*Aim of the task:* Starting at the line where "Tại Sao Người" occurs, reproduce each line through the end of the entries below exactly. Omit every picture.

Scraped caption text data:
•••••

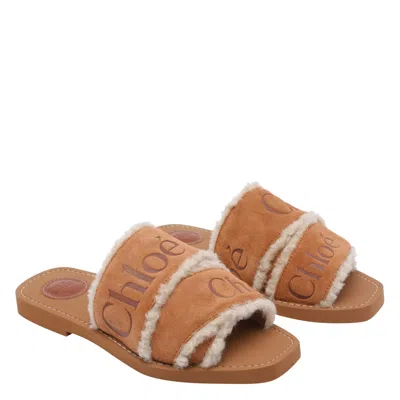 Chloé Chloe' Women Woody Sandals In Brown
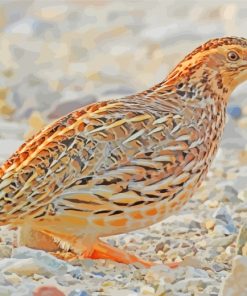 Common Quail Bird paint by numbers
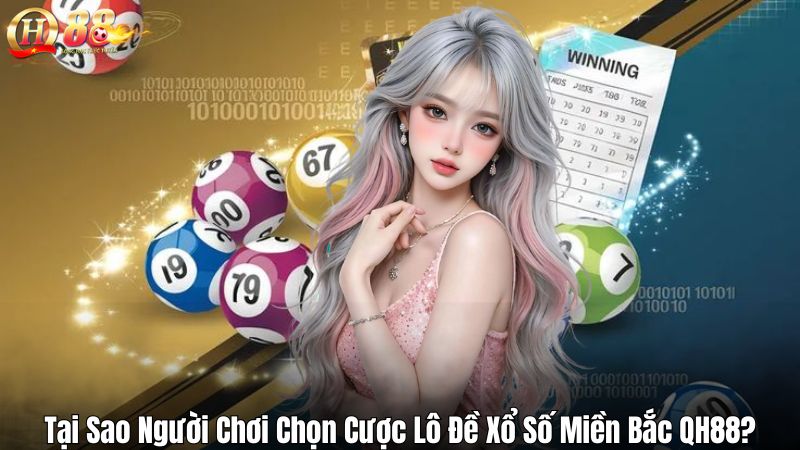 Tại Sao Người Chơi Chọn Cược Lô Đề Xổ Số Miền Bắc QH88?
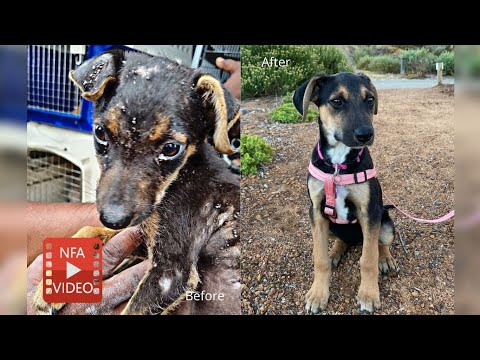 WATCH: Eva's happily-ever-after! From a terrifying township to a fabulous fur-ever home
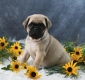 charming little boy Pug Puppy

•••••

*Solution to this problem:*
 Tại Sao Người Chơi Chọn Cược Lô Đề Xổ Số Miền Bắc QH88?
 WATCH: Eva's happily-ever-after! From a terrifying township to a fabulous fur-ever home
 charming little boy Pug Puppy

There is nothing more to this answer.